** Extracted data follows **
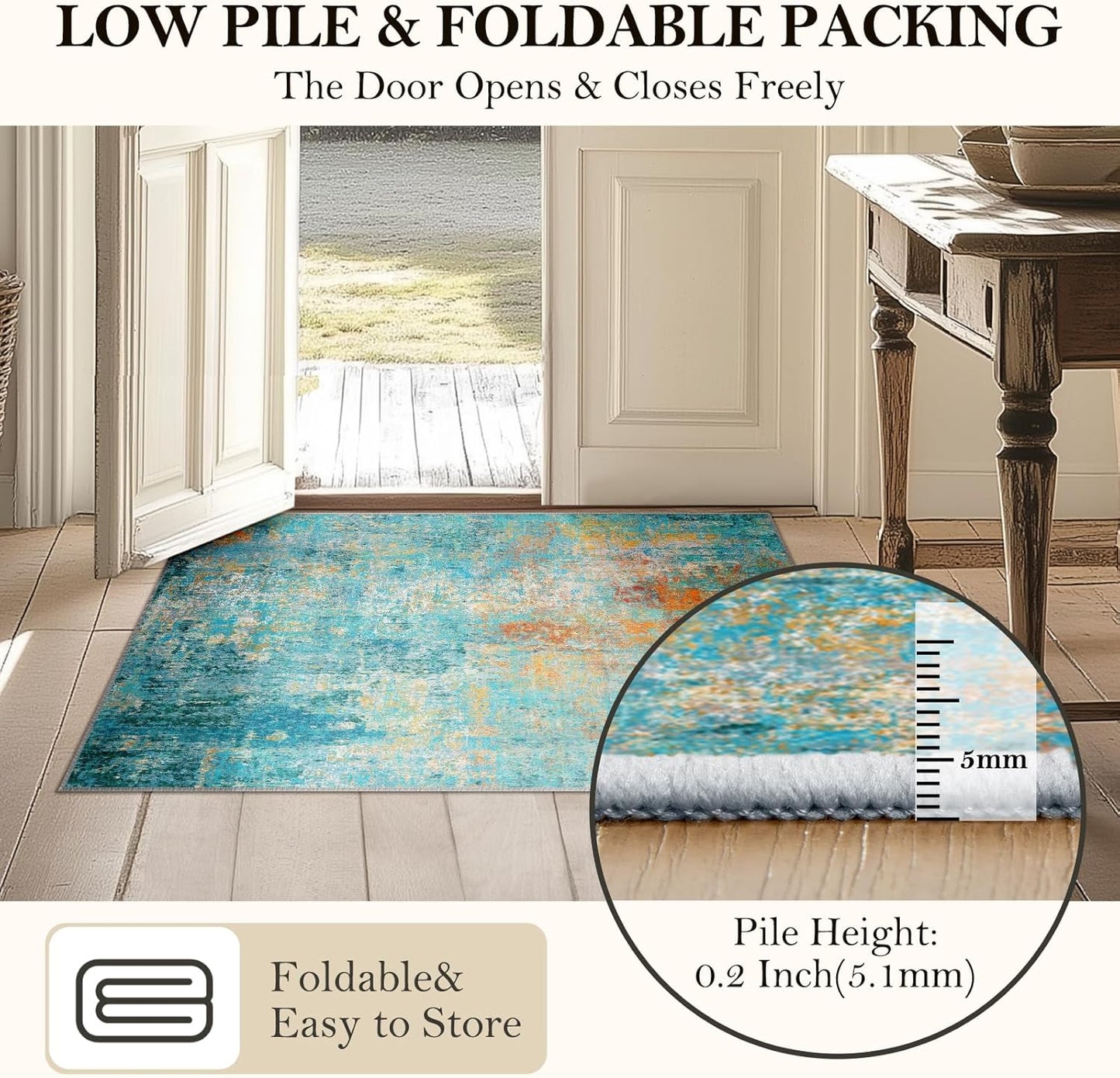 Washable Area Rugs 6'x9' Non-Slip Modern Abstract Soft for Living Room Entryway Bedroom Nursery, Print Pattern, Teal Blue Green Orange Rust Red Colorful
** End of Extracted data **
** Extracted data follows **
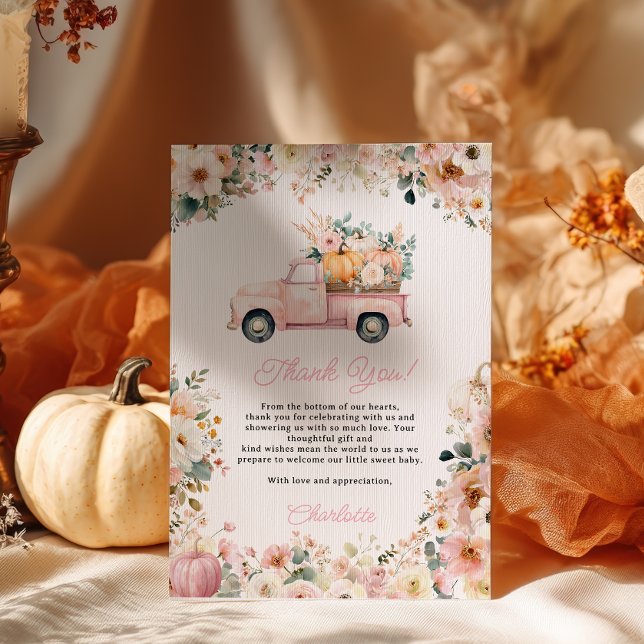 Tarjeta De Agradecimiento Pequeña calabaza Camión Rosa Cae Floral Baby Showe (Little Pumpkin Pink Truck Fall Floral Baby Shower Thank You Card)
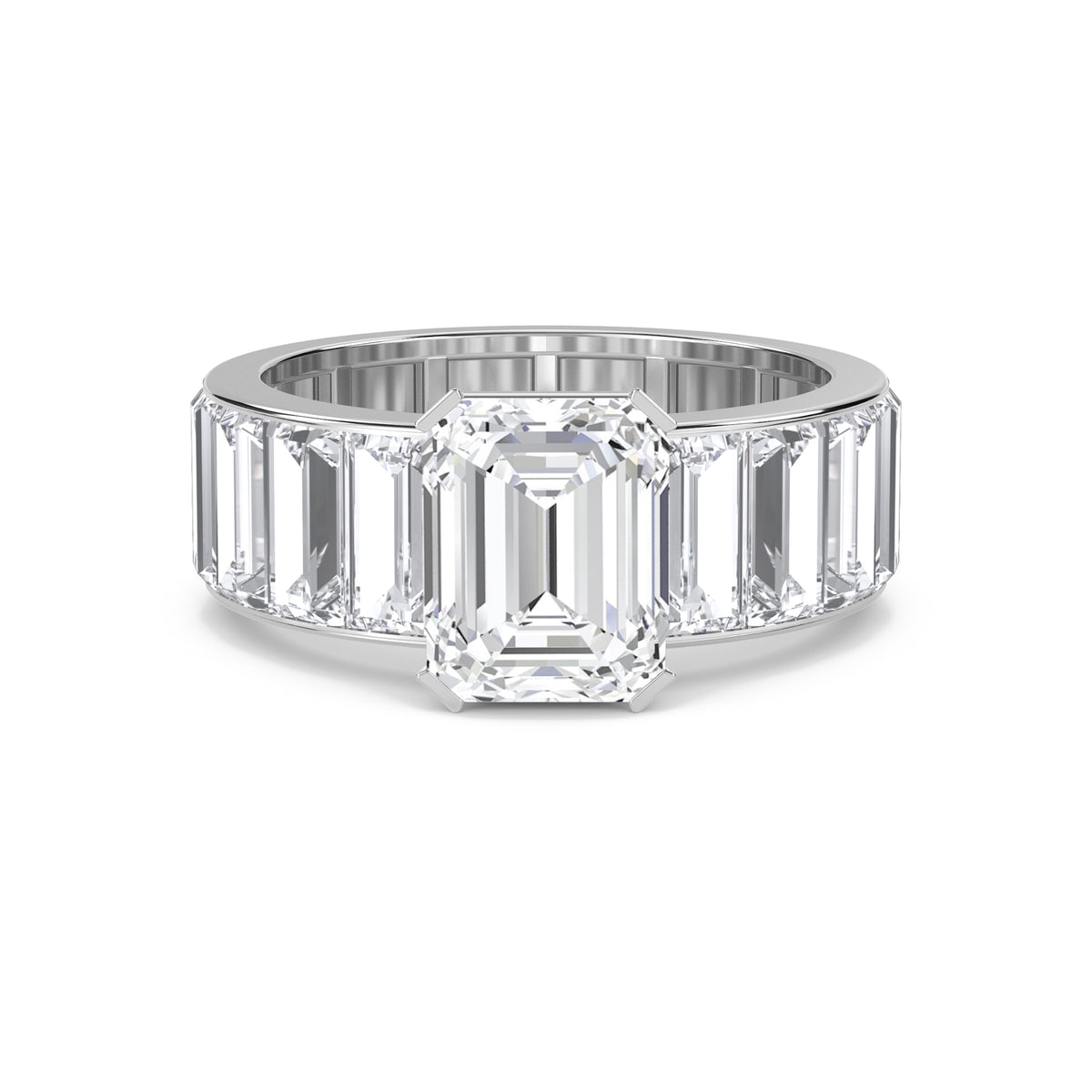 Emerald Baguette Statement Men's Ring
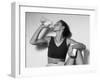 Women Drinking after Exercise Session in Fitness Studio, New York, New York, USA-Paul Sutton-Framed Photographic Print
** End of Extracted data **
** Extracted data follows **
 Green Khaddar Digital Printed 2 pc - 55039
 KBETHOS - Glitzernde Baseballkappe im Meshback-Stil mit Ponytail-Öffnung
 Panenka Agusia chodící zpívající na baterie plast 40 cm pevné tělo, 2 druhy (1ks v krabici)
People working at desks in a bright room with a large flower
** End of Extracted data **
Task to complete
Everything from the line containing "Panenka Agusia chodící" through the line containing "People working at" in the material above should be retyped exactly, both ends included, and nothing more.

Result for this exercise
 Panenka Agusia chodící zpívající na baterie plast 40 cm pevné tělo, 2 druhy (1ks v krabici)
People working at desks in a bright room with a large flower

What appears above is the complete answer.